Appearing before the Senate Appropriations Subcommittee on State, Foreign Operations, and Related Programs to present the administration’s FY2027 budget request, Rubio said Washington had already signed compacts with 32 countries aimed at strengthening their domestic health systems and self-reliance.
He asserted that US goal has been to “align foreign assistance generally with the strategic lever, with the strategic interest of the United States.”
“The best foreign assistance programs are the ones that end,” Rubio said. “They end because the country that you’re helping no longer needs it.”
The secretary cited South Korea as a model, noting the country was once a major aid recipient but is now the world’s ninth-largest economy and itself a donor state.

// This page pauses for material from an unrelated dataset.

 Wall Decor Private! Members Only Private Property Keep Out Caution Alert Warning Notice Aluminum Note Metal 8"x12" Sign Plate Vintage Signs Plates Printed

Rubio said the administration had realigned assistance flows toward Asia and the Western Hemisphere, and struck new agreements with multilateral bodies including the Global Fund and the UN Office for the Coordination of Humanitarian Affairs to more effectively channel U.S. taxpayer dollars.
Highlighting the fact whether it’s realigning or aid, he said, “More of our assistance is going into Asia and the Western Hemisphere than it has historically in the past; whether it’s entering into compacts with individual countries, 32 of them now, that we can strengthen their domestic capacities and their national health systems; whether it’s our ability to arrange new agreements with, like, the Global Fund and others OCHA to be able to more effectively deliver the donations, the taxpayer dollars of the United States, to these entities.”

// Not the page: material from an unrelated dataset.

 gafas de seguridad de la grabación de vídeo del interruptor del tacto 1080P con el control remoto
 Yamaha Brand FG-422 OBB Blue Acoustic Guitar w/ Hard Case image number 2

The Food for Peace program, he added, was being transferred to the Agriculture Department on the grounds that it had stronger ties to America’s agricultural sector. Rubio also pushed back against past aid delivery models, saying many foreign governments had expressed frustration that U.S. assistance was often channeled through NGOs without coordination with their administrations.
“We were just doing what we thought they needed, not what they were asking for,” he said.
Rubio, who served 16 years in the Senate before becoming secretary of state, acknowledged that Congress plays a central role in appropriations and said he did not expect lawmakers to adopt the White House budget proposal unchanged.